There's an old rule when it comes to optimising your code; don't. 2nd verse, same as the first. The 3rd rule of optimisation is to profile your code first. So that's what I did.
The good old way to see where the bottle necks are is to use gprof. You compile with profiling on by passing a couple of flags to gcc, run the program and it spits out a profile upon exit. You then run the gprof command line tool and that interprets the profile to give you a table of hot spots. From commit 5beaffd581ed it looked something like this:
Each sample counts as 0.01 seconds.
% cumulative self self total
time seconds seconds calls ms/call ms/call name
10.00 0.02 0.02 103228 0.00 0.00 Font::valueToIndex(unsigned int) const
10.00 0.04 0.02 68648 0.00 0.00 std::_List_iterator<HtmlElement*>::operator--()
7.50 0.06 0.01 701479 0.00 0.00 std::less<unsigned int>::operator()(unsigned int const&, unsigned int const&) const
Right there you can see that
Font::valueToIndex was taking a lot of time, but I already knew that that method could be improved.

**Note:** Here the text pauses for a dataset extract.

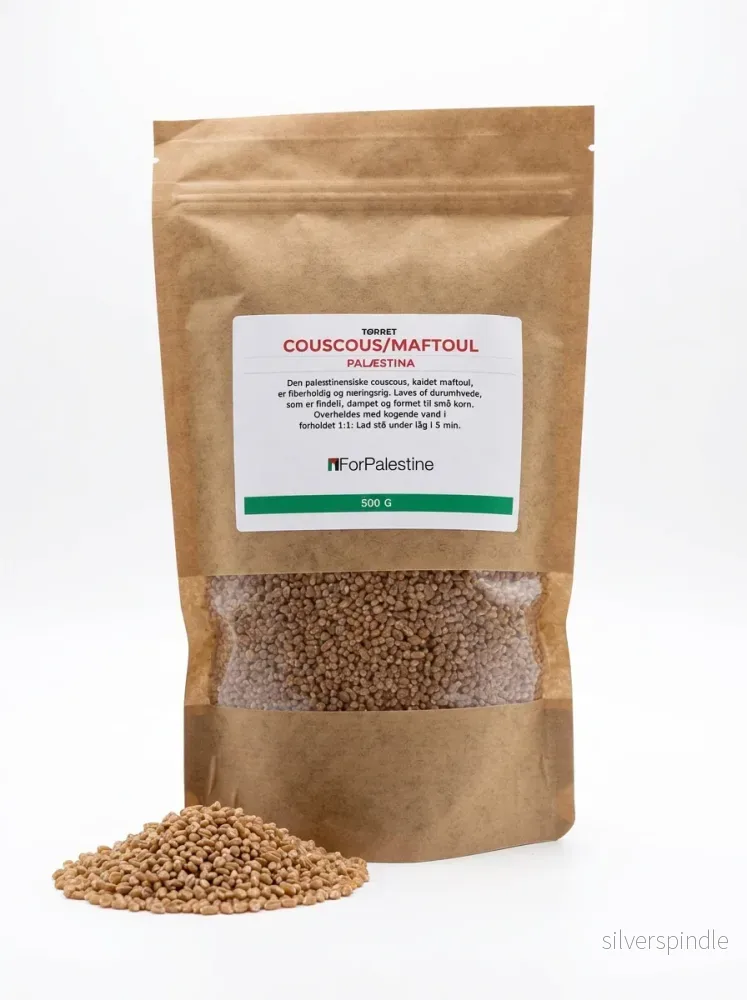 Smakrik Maftoul/couscous från Palestina – 500g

The other C++ STL calls were trickier to track down. I use all sorts of STL containers, so the problem could have been anywhere...
A couple of years ago Google released their performance analysis tools. One of the advantages google-perftools' CPU profiler has over gprof is that the output shows function calls line-by-line in a nifty graphical representation. Running the profiler on the same code gave this output:
From there, I could trace the call graph back from the "slow" STL call to my code see that the use of a
std::set was causing problems. It was overkill anyway and a simple change improved things there.
The different output in the perftools analysis is probably due to the way it works compared to gprof. With gprof, you get a call to the profiling library added to each of your program's functions, which means you need to recompile all of your code. With the Google tools you don't need to recompile your code, you just have to link in the profiler library to your executable. It then hooks in to the start of the program and uses timers and signals to instrument the code, adding traces at the current point of execution. The result is that code that takes longer has more "hits", but the result is not exactly the same as gprof's output.
This is why being able to compile NDS code on the PC is a really good idea. These things are not impossible on the DS of course - counting the hblanks your slow function takes by changing the background color is a classic technique - but in general running unit tests, debugging, and doing performance analysis are much tougher to do on an embedded device.
Enough waffle. All this means that the next version of Bunjalloo may be a bit nippier, hopefully.